[Records drawn from a dataset]
%%
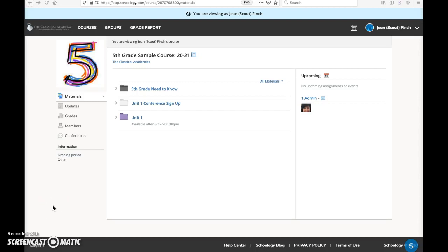The Schoology course is the space where lessons and resources are housed. This video is a quick tour of the Schoology course at the Classical Academy. Keep in mind that depending on the grade level and school program, your child's course may look a bit different.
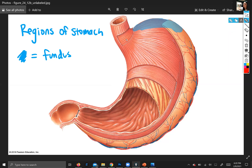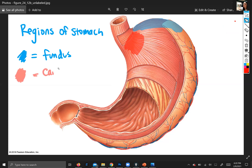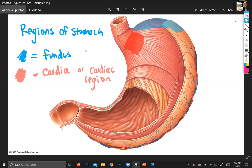I'll highlight the next region in red because sometimes it gets inflamed. It's the region right next to the opening of the esophagus, and it's called the cardia, or cardiac region.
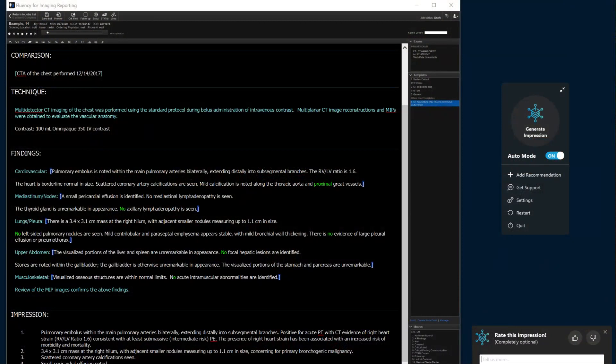Since then we've actually launched our first product back in 2021, called Rad AI Omni. With that first product, what we really wanted to do was essentially eliminate a repetitive task that radiologists need to do. In creating the impressions section of the report, radiologists are essentially doing repetitive work that they did in the findings of the report. Using Rad AI Omni, we essentially automate the creation of the impression for them, and it's customized to their particular language, so it really just feels like them.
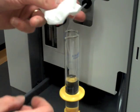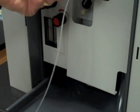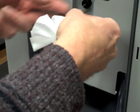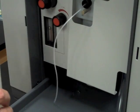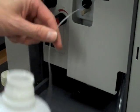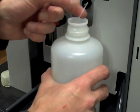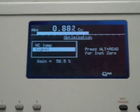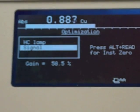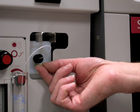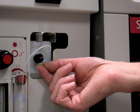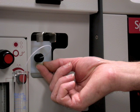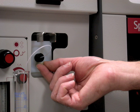Begin by aspirating solution from one of your standards — one of the more concentrated ones. Maximize this signal by moving the burner head in and out and up and down. You may also want to adjust the acetylene ratio. Another critical feature is the rate at which the solution is aspirated into the flame. This can be controlled by moving the needle for the spray nozzle small distances with the adjustment screw. Please ask the instructor for help if you wish to adjust this parameter.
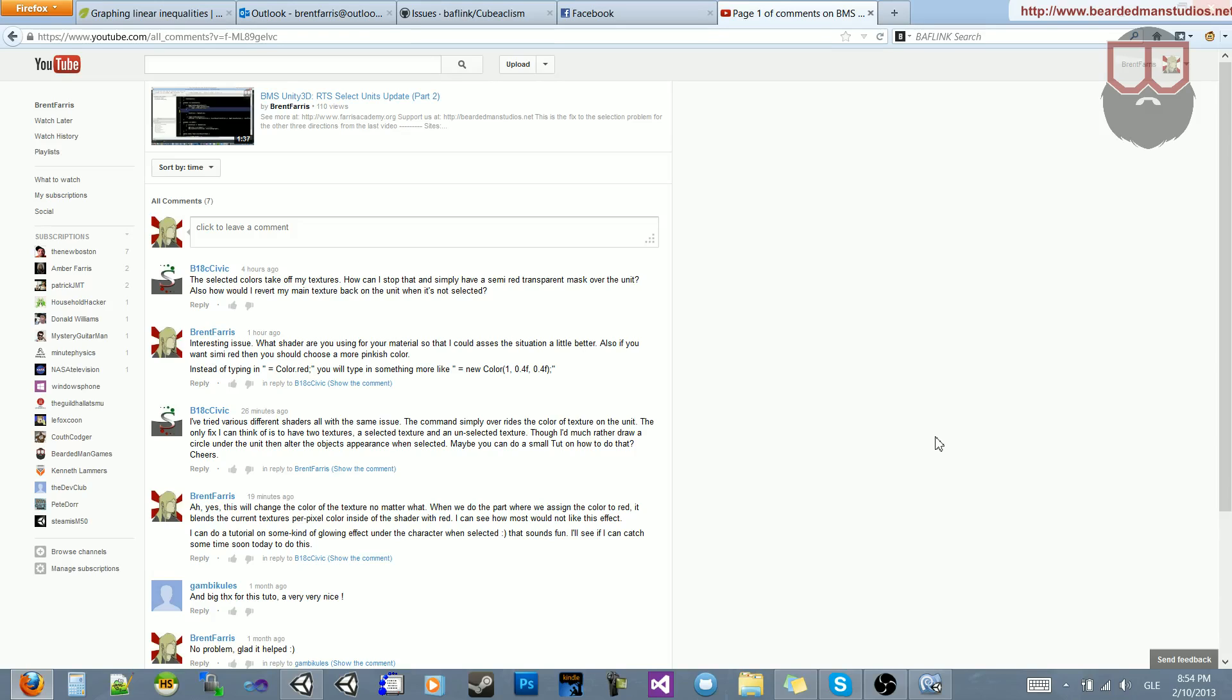Hello, I'm Brent Ferris from the Bearded Man Studios, and I had a comment here about using the glowy effect that you see standard underneath units inside of RTSs when you select them, rather than the red coloring.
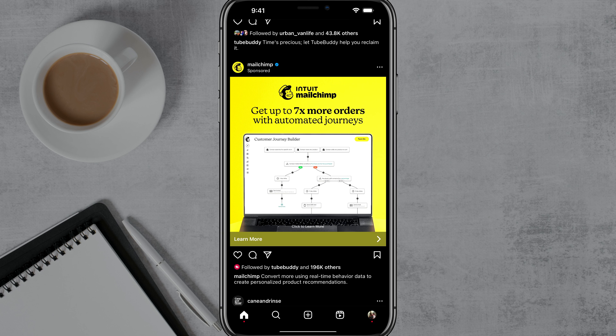Hello and welcome to this quick tutorial video where I show you how to add AI backgrounds or backdrops to your Instagram stories. Anything you can imagine that you can create with a text prompt, you can use as a background or backdrop with your Instagram stories.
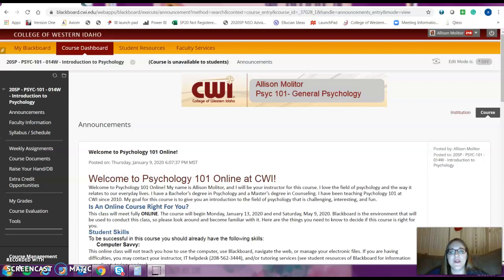I wanted to say that I'm here to help you, so if there's questions, if there's something I can do to help you be successful, if you need additional support in the course, please don't hesitate to reach out to me. You can email me, we can talk over the phone. I do work at CWI full-time, so I'm on campus a lot. We can meet in person really easily, or we can meet via Zoom or online as well. So please reach out to me. I'm here to help you and I'm looking forward to a successful semester for each of you.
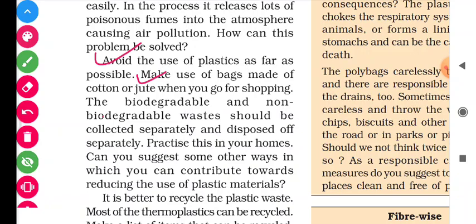Second solution: make use of bags made of cotton or jute when you go for shopping. If we go shopping, we should take a cotton bag. We should use cotton or jute bags instead of plastic bags. This is the second solution of this disposal problem.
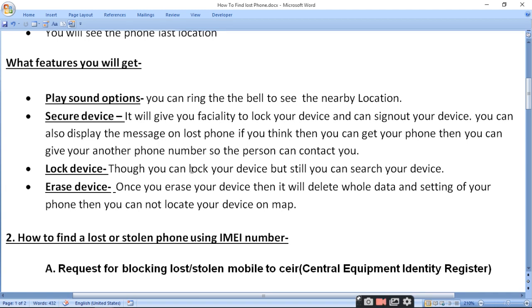You can also display a message on the lost phone. If you think you can get your phone back, you can provide another phone number so the finder can contact you.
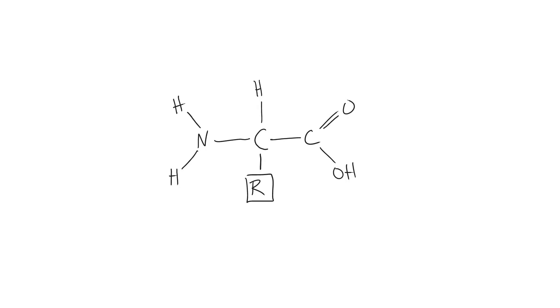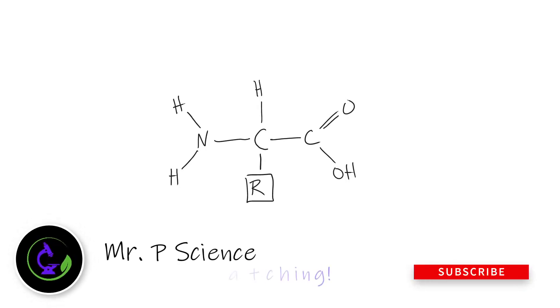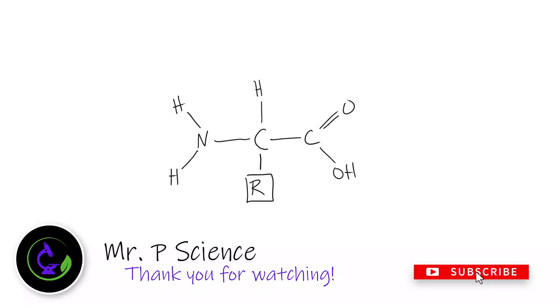If you learned something, give it a thumbs up, leave your questions in the comments, subscribe to the channel. See ya!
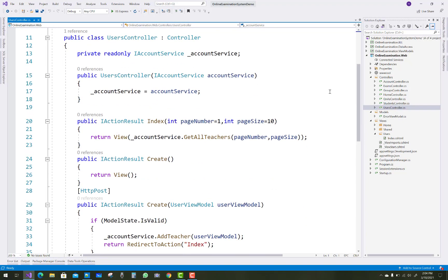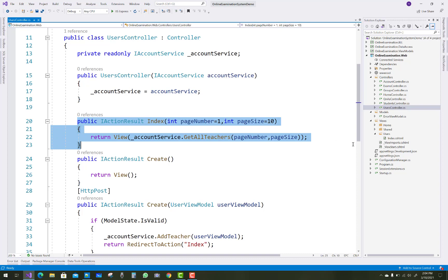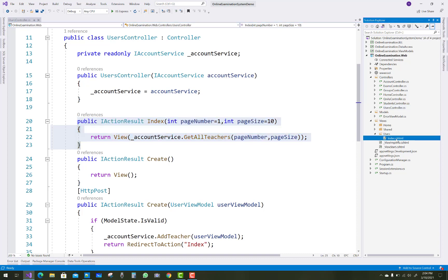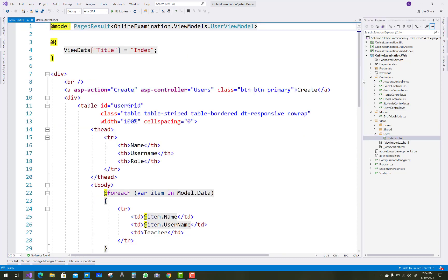Hello everyone, welcome to my channel ASP.NET Core. Today I am going to show you some views about the user controller as well as the student controller.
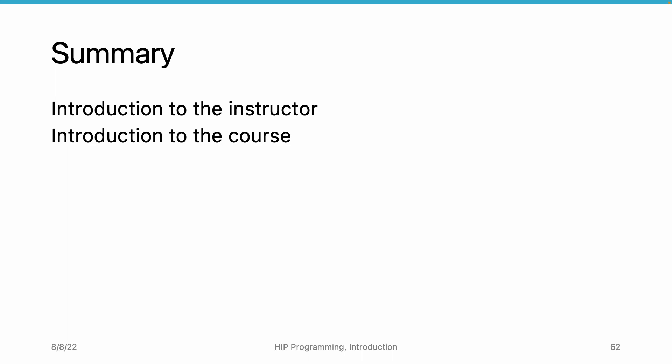Then, we discuss why developers should consider using GPUs. In that video, we talk about different types of parallelisms. We discuss why instruction-level parallelism is hard to exploit and why algorithms naturally demonstrate data-level parallelism.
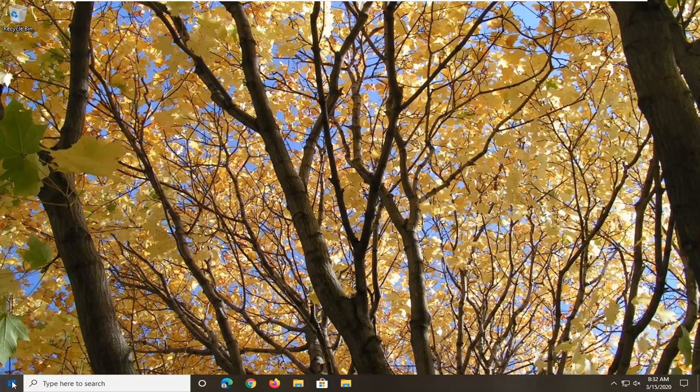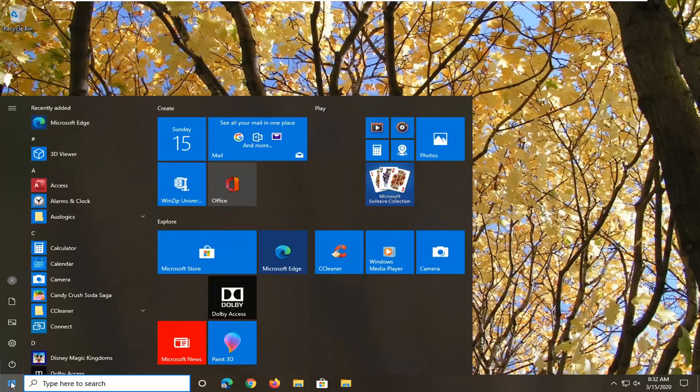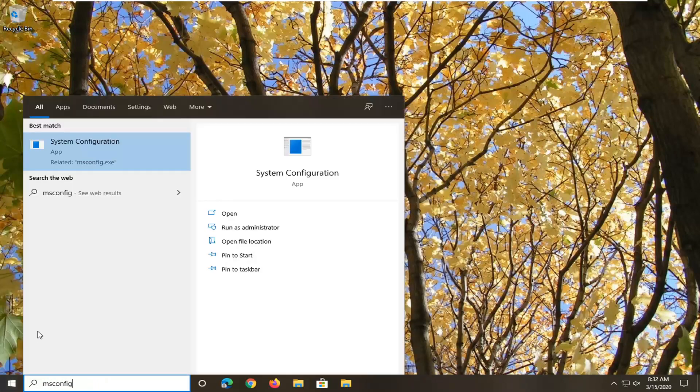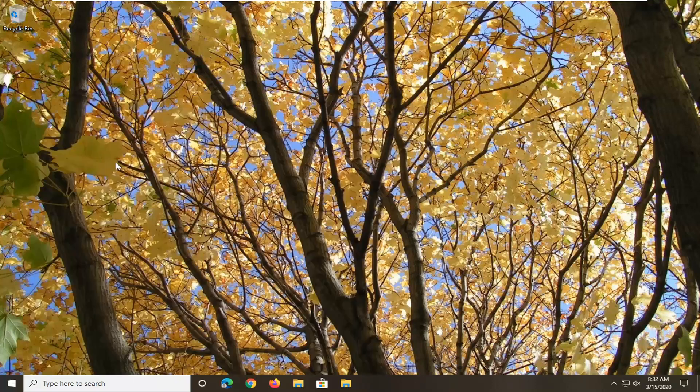We're going to begin. Open up the start menu, type in msconfig. Best match should come back with System Configuration. Right-click on that and then select Run as Administrator.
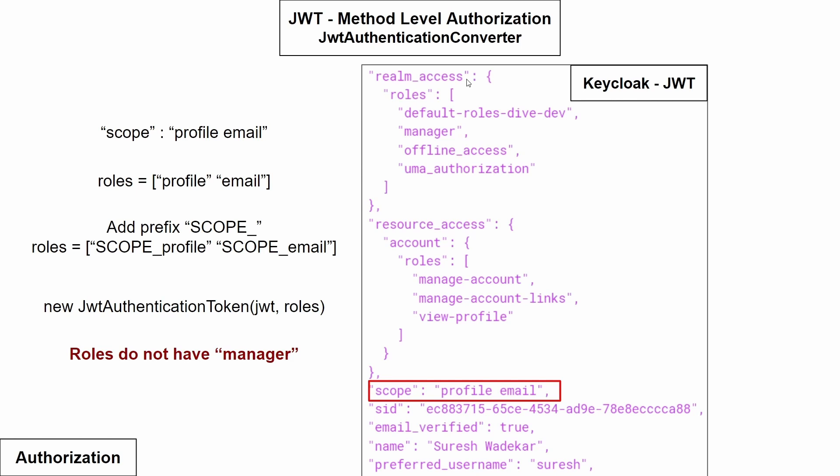But the problem here is that the roles need to be either separated with the space or should be a list of string. Although the object roles has the list of strings, if we give this realm access, it is an object and hence this is not possible.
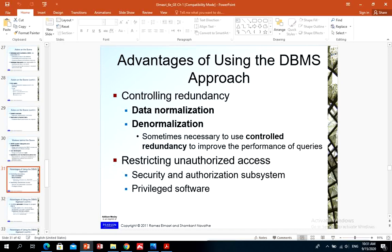Another advantage is restricting unauthorized access. When multiple users share a large database, most users should not be authorized to access all information. For example, financial data is often confidential and only authorized personnel can access it. Some users may only be permitted to retrieve data, while others have different privileges. Database management systems allow different access levels to be assigned to different users.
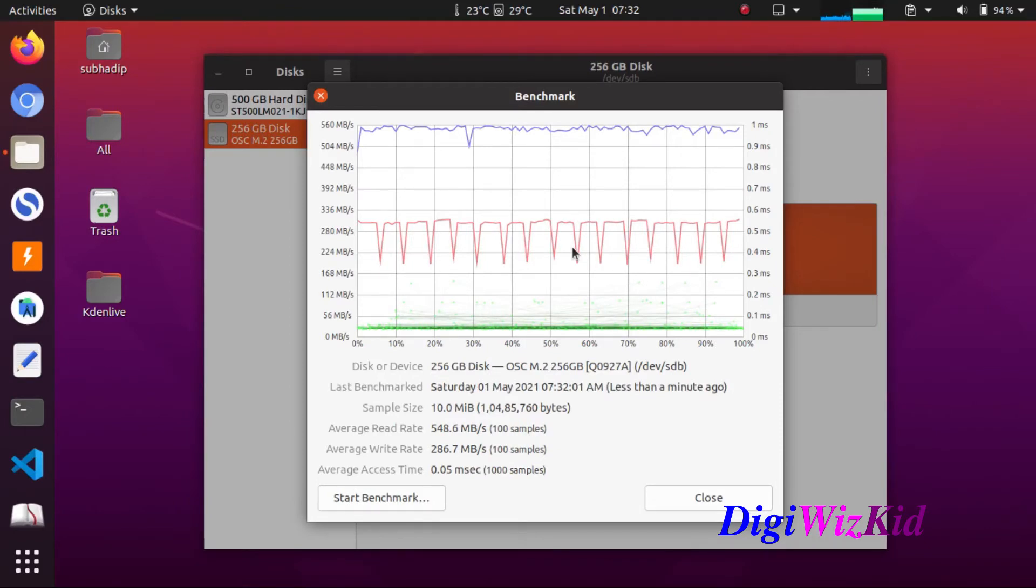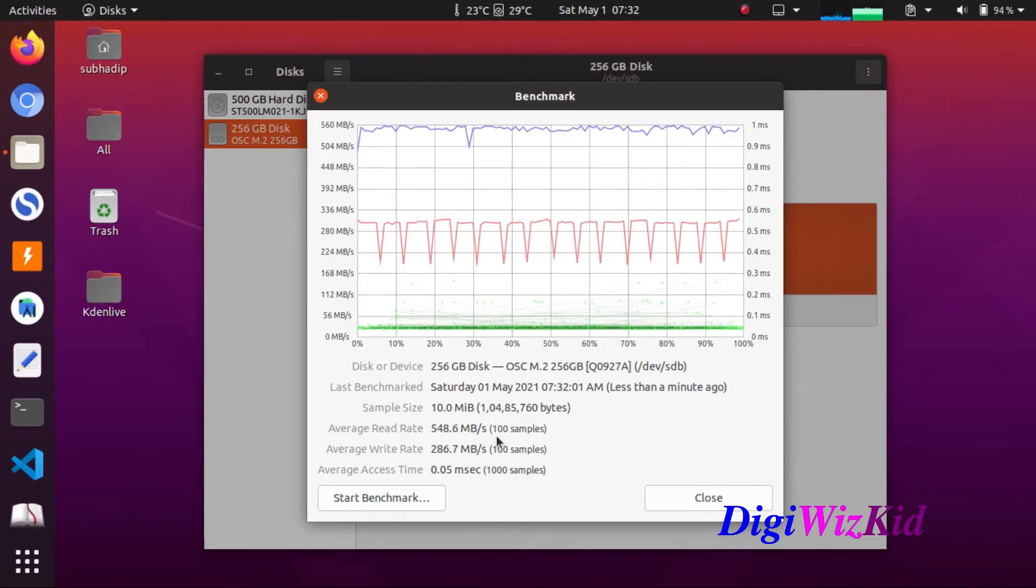So after the first run, average read speed is 548 Mbps and write speed is 286.7 Mbps, which is almost the SATA read speed limit of 550 Mbps.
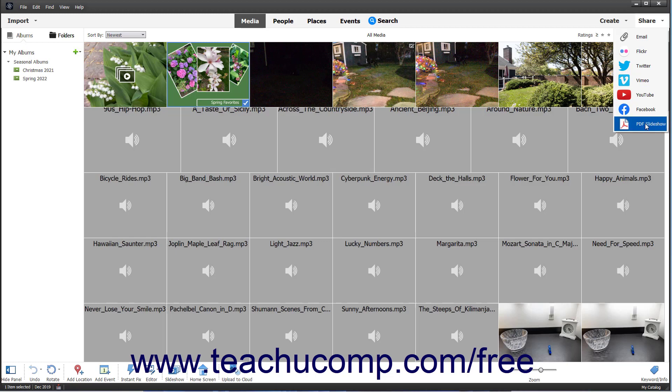You can also click the Share button in the Shortcuts bar of the Photo Editor window when a photo is opened or you have photos within the photo bin. However, you will have fewer sharing choices than when using the Organizer.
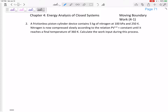Let's look at this problem: a frictionless piston-cylinder device contains five kilograms of nitrogen at 100 kPa and 250 Kelvin. Nitrogen is now compressed slowly according to the relation PV to the 1.4 power equals constant — that is a polytropic process — and it reaches a final temperature of 360 Kelvin. Calculate the work input during the process, which is the boundary work.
%%
EXERCISE: From the first line of the entries above down to the line holding "Begin by aspirating", quote each line exactly and nothing else, skipping pictures.

RESPONSE TO THE EXERCISE:
The Schoology course is the space where lessons and resources are housed. This video is a quick tour of the Schoology course at the Classical Academy. Keep in mind that depending on the grade level and school program, your child's course may look a bit different.
I'll highlight the next region in red because sometimes it gets inflamed. It's the region right next to the opening of the esophagus, and it's called the cardia, or cardiac region.
Since then we've actually launched our first product back in 2021, called Rad AI Omni. With that first product, what we really wanted to do was essentially eliminate a repetitive task that radiologists need to do. In creating the impressions section of the report, radiologists are essentially doing repetitive work that they did in the findings of the report. Using Rad AI Omni, we essentially automate the creation of the impression for them, and it's customized to their particular language, so it really just feels like them.
Begin by aspirating solution from one of your standards — one of the more concentrated ones. Maximize this signal by moving the burner head in and out and up and down. You may also want to adjust the acetylene ratio. Another critical feature is the rate at which the solution is aspirated into the flame. This can be controlled by moving the needle for the spray nozzle small distances with the adjustment screw. Please ask the instructor for help if you wish to adjust this parameter.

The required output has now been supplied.